MANILA, Philippines—A wide swathe of the Philippines, including the bustling capital Manila, braced Friday as a dangerously erratic and powerful typhoon approached from the Pacific, officials said.
Typhoon Hagupit—Filipino for “smash”—strengthened overnight with its sustained winds intensifying to 215 kilometres (134 miles) per hour with gusts of 250 kph (155 mph) over the Pacific, 450 kilometres (280 miles) from the country’s eastern coast.
The local weather agency PAGASA’s forecasts show it may hit Eastern Samar province late Saturday or early Sunday then barrel inland along the same route where Typhoon Haiyan levelled villages and left more than 7,300 dead and missing in November last year.

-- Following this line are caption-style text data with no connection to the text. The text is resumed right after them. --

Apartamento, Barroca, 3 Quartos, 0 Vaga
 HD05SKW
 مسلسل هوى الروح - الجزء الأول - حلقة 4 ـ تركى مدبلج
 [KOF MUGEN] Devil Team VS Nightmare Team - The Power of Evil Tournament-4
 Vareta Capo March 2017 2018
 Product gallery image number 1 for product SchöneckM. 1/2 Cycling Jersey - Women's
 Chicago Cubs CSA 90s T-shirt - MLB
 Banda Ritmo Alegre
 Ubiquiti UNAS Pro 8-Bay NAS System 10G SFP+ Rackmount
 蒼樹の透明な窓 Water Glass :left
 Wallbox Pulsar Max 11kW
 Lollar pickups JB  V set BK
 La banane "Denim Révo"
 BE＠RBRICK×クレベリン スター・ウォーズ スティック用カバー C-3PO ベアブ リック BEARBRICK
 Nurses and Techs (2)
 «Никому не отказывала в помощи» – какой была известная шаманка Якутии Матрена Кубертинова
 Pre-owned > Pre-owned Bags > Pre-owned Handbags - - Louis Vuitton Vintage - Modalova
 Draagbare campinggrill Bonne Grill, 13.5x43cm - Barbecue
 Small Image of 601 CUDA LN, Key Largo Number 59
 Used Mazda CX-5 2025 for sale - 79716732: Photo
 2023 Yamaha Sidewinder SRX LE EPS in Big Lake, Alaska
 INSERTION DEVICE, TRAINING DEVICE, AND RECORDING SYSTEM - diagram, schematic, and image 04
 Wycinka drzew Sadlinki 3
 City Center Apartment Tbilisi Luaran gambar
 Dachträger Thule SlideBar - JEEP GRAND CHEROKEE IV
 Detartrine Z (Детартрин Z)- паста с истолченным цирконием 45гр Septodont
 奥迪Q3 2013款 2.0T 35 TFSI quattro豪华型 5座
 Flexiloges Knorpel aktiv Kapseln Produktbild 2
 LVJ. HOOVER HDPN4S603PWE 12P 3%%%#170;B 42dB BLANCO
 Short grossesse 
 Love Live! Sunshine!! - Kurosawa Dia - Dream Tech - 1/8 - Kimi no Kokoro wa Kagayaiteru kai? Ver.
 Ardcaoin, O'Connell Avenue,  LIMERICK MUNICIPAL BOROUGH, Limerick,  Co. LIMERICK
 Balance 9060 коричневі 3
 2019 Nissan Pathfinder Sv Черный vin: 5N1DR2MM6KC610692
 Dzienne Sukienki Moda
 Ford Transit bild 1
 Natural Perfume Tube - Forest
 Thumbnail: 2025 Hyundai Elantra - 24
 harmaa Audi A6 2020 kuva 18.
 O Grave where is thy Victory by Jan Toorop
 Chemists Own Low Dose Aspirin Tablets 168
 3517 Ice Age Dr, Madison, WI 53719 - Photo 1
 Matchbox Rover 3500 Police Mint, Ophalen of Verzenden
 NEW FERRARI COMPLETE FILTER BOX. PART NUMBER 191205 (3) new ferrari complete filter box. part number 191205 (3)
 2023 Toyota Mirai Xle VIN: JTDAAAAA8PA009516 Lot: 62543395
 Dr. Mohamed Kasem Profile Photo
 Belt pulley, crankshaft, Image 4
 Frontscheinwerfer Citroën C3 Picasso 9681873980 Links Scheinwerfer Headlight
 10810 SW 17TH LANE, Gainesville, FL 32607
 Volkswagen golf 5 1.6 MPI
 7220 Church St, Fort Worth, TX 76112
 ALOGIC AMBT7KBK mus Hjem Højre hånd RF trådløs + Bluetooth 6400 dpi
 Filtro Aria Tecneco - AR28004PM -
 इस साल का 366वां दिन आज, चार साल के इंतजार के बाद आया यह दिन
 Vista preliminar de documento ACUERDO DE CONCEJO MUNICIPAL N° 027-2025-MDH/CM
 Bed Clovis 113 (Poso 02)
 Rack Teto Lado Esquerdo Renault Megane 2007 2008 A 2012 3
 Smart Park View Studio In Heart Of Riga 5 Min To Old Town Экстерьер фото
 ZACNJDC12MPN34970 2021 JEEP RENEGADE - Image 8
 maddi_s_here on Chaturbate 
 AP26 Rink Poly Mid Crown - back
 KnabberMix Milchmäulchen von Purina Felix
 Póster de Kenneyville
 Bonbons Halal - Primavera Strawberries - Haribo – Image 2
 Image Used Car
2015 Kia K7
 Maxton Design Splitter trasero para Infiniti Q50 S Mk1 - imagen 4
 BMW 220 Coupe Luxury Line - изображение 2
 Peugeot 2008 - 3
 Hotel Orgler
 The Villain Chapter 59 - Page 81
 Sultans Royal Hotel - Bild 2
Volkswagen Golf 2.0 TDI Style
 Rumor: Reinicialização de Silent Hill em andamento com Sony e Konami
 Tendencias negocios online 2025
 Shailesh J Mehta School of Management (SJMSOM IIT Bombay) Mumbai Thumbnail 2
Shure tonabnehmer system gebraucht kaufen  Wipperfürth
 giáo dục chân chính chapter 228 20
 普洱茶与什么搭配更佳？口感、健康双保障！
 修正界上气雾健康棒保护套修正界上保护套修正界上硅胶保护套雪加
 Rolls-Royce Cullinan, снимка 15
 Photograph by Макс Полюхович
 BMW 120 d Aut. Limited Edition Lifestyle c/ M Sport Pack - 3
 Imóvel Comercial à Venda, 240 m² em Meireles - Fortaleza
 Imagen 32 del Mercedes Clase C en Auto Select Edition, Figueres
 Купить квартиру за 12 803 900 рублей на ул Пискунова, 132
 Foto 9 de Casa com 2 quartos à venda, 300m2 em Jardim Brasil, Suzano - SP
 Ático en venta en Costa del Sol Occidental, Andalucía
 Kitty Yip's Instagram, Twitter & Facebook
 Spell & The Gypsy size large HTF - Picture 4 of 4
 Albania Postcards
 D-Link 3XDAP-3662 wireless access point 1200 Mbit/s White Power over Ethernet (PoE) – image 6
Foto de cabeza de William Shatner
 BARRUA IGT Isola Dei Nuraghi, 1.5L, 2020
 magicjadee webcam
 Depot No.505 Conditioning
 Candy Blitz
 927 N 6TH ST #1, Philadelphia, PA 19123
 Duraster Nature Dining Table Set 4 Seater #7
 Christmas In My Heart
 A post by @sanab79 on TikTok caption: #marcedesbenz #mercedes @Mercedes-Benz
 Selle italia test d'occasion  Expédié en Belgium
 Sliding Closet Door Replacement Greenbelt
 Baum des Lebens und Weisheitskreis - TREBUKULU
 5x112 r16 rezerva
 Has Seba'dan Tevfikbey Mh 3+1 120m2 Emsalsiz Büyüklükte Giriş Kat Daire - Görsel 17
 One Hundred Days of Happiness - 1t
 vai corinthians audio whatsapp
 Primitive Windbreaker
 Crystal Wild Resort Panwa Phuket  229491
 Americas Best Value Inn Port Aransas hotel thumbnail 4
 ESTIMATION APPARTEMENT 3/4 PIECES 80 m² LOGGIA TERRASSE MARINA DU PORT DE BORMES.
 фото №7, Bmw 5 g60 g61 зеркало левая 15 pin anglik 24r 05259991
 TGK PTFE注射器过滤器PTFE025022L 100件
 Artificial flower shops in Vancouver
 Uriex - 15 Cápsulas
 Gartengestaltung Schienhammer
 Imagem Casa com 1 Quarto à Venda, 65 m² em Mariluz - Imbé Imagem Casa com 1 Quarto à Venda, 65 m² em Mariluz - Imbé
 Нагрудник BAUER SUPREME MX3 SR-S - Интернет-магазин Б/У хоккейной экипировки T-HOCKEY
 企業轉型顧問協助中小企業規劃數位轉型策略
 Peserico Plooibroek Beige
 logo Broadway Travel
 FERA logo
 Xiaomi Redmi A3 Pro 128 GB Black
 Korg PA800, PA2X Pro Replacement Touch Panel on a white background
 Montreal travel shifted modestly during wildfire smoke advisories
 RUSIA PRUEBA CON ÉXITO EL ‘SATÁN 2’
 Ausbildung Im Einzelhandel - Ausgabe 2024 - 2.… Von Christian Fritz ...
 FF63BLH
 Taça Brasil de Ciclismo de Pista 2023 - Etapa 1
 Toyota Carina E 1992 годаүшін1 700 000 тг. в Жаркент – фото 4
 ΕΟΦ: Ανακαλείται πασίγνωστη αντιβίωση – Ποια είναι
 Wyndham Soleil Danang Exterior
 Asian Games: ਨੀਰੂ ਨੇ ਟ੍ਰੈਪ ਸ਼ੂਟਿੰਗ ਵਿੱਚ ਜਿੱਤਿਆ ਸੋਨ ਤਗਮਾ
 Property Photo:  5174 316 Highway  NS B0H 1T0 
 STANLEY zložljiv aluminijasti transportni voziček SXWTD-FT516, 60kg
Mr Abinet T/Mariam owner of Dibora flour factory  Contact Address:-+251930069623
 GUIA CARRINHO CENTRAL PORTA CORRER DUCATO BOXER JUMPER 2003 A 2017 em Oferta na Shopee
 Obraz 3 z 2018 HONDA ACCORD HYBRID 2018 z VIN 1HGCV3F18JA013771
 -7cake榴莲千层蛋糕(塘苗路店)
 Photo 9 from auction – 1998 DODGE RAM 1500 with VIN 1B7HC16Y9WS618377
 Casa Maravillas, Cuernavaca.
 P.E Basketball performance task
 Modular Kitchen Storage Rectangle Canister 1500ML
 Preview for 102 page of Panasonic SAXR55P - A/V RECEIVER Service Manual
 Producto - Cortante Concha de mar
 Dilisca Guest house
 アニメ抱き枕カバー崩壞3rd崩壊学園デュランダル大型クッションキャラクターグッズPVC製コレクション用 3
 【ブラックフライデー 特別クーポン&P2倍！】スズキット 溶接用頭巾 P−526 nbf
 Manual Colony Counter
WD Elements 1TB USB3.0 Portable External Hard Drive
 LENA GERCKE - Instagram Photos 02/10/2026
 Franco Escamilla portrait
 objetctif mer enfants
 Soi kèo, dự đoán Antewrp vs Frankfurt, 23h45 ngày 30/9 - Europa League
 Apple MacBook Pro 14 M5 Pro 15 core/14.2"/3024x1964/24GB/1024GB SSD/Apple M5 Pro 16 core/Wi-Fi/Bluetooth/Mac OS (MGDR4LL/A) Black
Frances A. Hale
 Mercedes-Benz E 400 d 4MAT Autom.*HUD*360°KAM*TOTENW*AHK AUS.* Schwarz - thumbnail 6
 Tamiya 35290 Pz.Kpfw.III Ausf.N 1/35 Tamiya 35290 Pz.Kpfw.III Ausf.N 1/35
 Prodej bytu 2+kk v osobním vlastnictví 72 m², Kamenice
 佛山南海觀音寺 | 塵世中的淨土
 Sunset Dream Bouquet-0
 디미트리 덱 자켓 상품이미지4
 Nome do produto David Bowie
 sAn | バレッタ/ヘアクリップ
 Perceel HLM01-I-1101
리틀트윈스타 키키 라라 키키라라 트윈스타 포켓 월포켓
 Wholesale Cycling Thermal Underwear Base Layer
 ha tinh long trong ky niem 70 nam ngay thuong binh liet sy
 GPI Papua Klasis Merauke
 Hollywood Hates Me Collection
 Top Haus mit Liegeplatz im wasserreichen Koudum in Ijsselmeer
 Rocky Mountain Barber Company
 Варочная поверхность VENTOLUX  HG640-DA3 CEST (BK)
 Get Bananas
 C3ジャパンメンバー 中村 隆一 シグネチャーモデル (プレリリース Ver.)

But a forecast by the Joint Typhoon Warning Center in Hawaii said Hagupit (pronounced HA’-goo-pit) may veer northward after making landfall and possibly threaten Manila, which has population of more than 12 million people.
Hagupit’s erratic behaviour prompted the government to call an emergency meeting of mayors of metropolitan Manila to warn them to prepare, although local forecasters predict the typhoon will slice across the central Philippines like Haiyan did.
“We have alerted the people of Manila and we’re ready,” Mayor Joseph Estrada said, while acknowledging “these typhoons change direction all the time.”
Central Philippine regions, which were hammered by Haiyan, were busy evacuating thousands of people to safer areas, including Tacloban city, where the new typhoon has triggered panic-buying in grocery stores and gas stations and brought back nightmares of last year’s deadly onslaught.
Haiyan survivor Emily Sagales said many of her still-edgy neighbours in Tacloban packed their clothes and fled to a sports stadium and safer homes of relatives. Long lines formed at grocery stores and gas stations as residents stocked up on basic goods, she said.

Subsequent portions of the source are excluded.